The first year concentrates on a variety of projects performed in the classroom:
Ensemble Project: You are thrown headfirst into an ensemble project designed to establish a foundation of collaboration and curiosity in your cohort. Focusing on adapted literature, this project explores continual response to prompts and shared devising rather than leading towards a final product.
Rehearsal Into Production: This project begins to take the tools learned in your first semester and put them into practice working together as a cohort on a single text.
Shakespeare Projects: The year ends with the cohort split into two groups working on a pair of Shakespeare plays. You strive to apply a range of tools introduced in Year 1 over the arc of a play and within the demands of Shakespeare’s heightened text.

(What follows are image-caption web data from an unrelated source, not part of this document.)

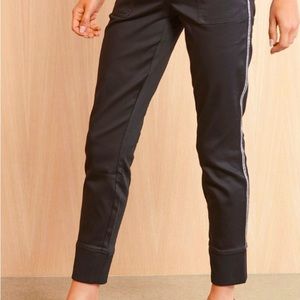 Level 99 size 25 joggers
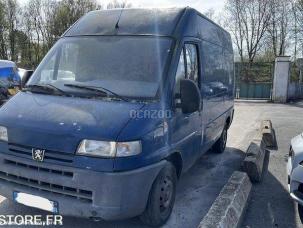 Fourgon avec parois et toit rigide Peugeot Boxer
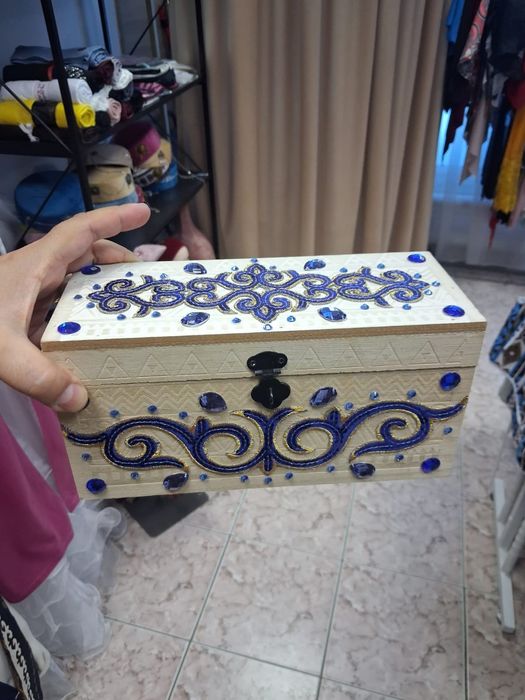 Продам новые сувениры, магниты и т д. Цены разные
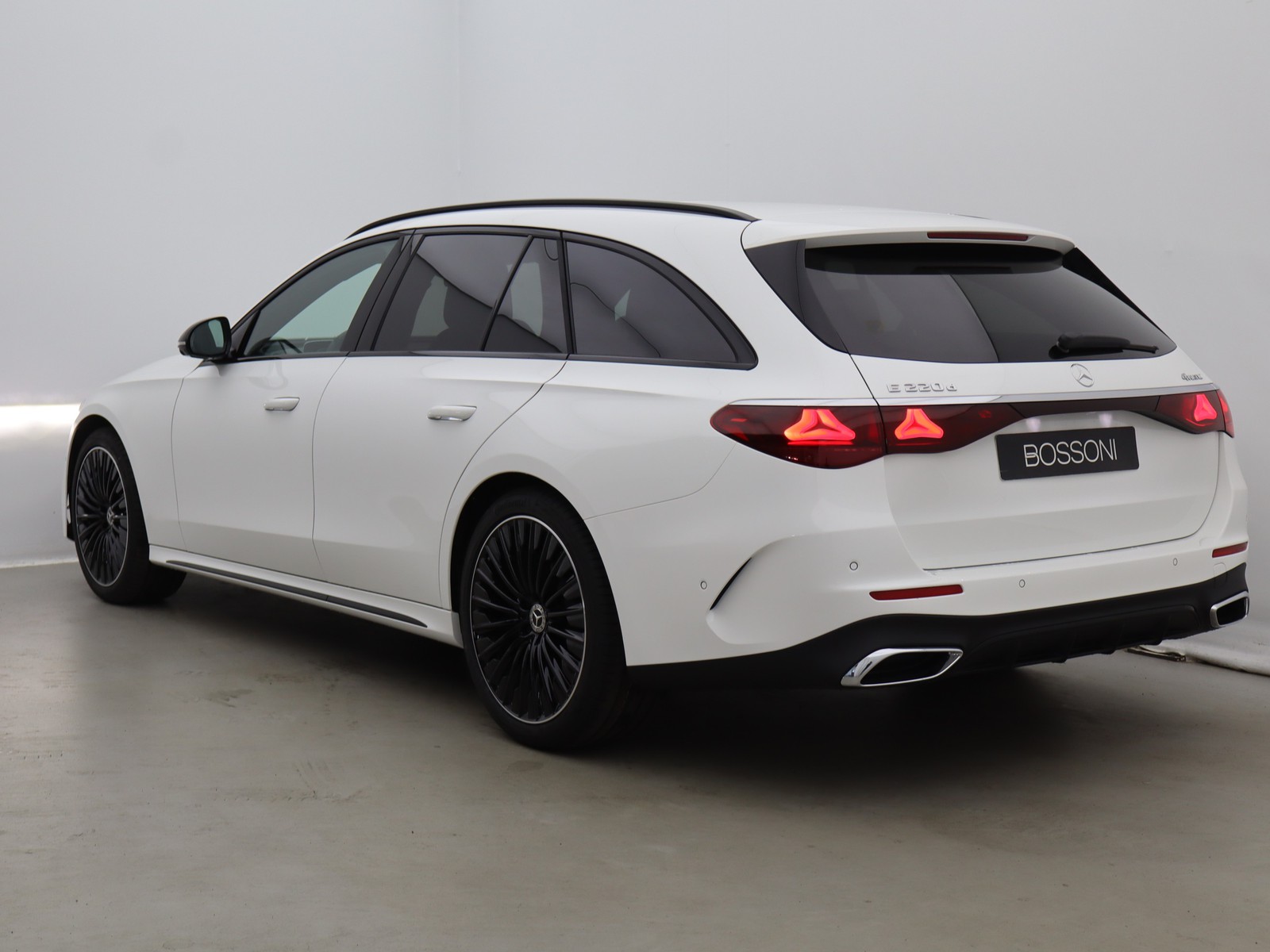 5 - Mercedes Classe E station wagon 220 d amg line advanced plus 4matic 9g-tronic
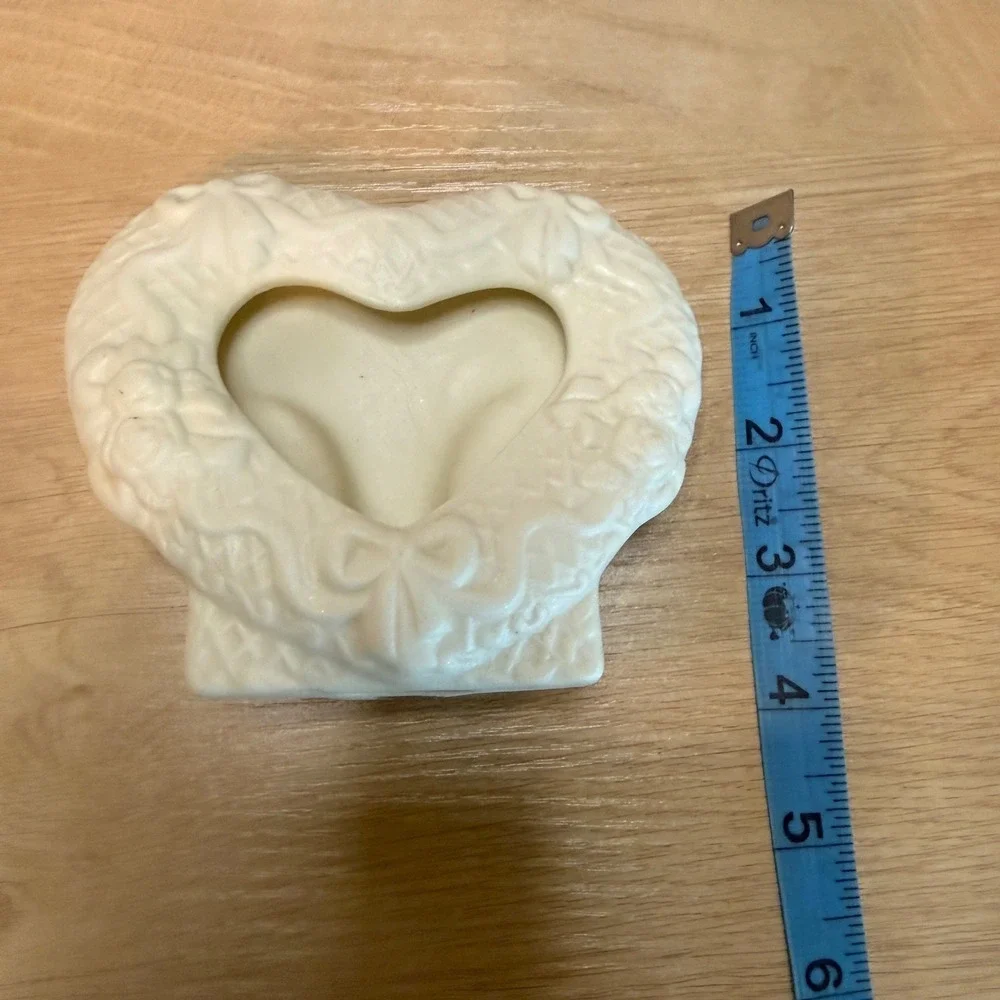 Vintage Style Cream Heart Ceramic Picture Frame Embossed Roses Bows Table 4x4.5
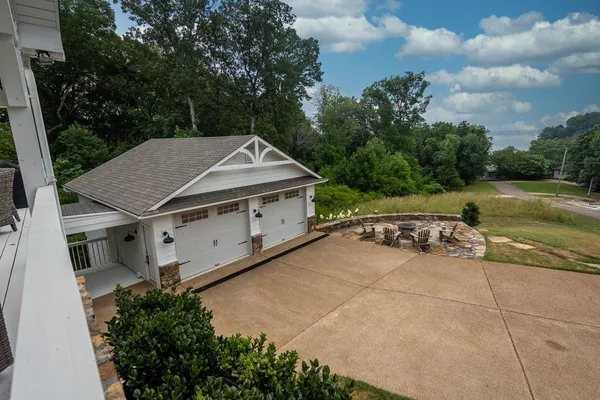 $588,900 | 455 Lakeshore Lane, Counce, TN 38326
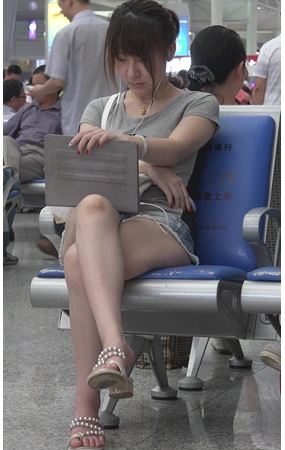漂亮的白嫩美足美女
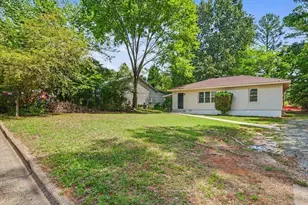 203 Scarlett Dr, Chapel Hill, NC 27517 - Photo 3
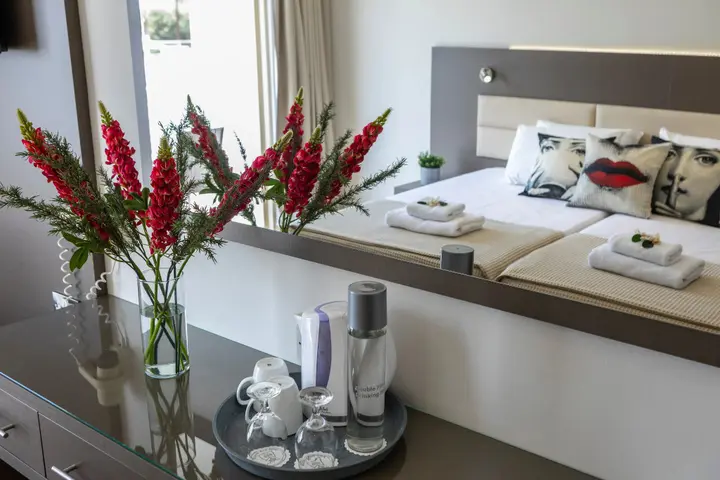 Киссонерга: Queen's Bay Hotel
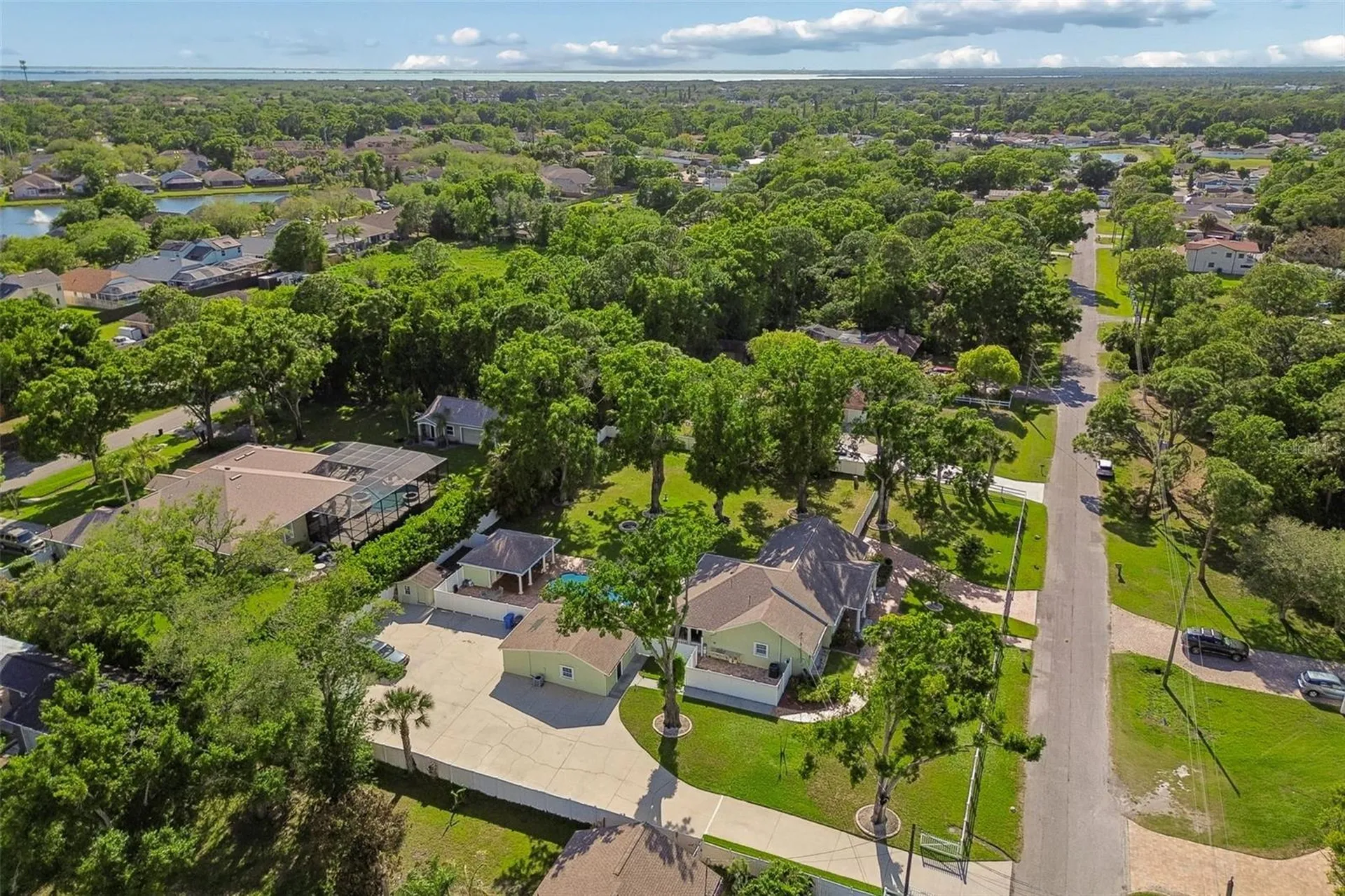 9406 W Flora Street Tampa FL 33615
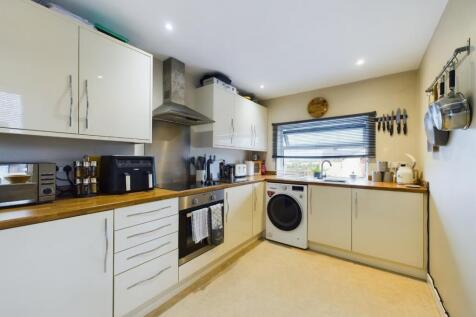 2 bedroom maisonette for sale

The second year builds on these ideas in fully realized productions in our smaller performance spaces. The arc of these projects seeks to bring elements of your classwork to bear on the demands of a role in full production. The class is usually split into two separate, concurrent productions, which helps provide an equity of roles for everyone in the ensemble.
Realism: You begin with a realism project. These plays are selected with your specific cohort in mind and meant to bridge from your classwork into material that directly connects closely to the kind of demands explored in Scene Study classes.
Cabaret: Directed by your singing teacher, Deb Lapidus; this allows you to communicate thoughts and feelings via song - asking each actor to work from a place of expansive truth and courage, no matter your previous singing experience..
Project/Project: Everyone works together on an ambitious yearly project that splits the ensemble into two separate productions played concurrently in two connected spaces. Built in collaboration with a guest writer, these are often explorations of themes and a collage of material and sources. The project demands students find ways to take their training and apply a sense of truth and integrity within the work to material and production demands that are often highly technical and non-realistic.
Heightened Text: Finally, the company splits into two separate productions that focus on heightened language. Again chosen with the specific cohort in mind, these plays ask you to take the newly honed skills from year 2 and deploy them in projects that demand greater dexterity with language and ideas than the rest of the projects that year.
The third year productions move you towards your professional career. Your season is performed in our state-of-the-art theatres at The Paulson Center. The season itself reflects a varied repertory: classical plays (often including Shakespeare), contemporary plays, and recent successes from Broadway or off-Broadway. All of these productions are directed by artists who are faculty and other working professionals, with a wide range of experience and expertise. An important aspect of your final year is "Freeplay" which allows you to conceive, produce, write and/or act in your own performance piece; we regularly have a festival of over a dozen such projects for each Freeplay season. Your production year culminates in your showcase presentations, which give you the opportunity to present your talents live in New York and digitally to professional agents, casting directors and producers.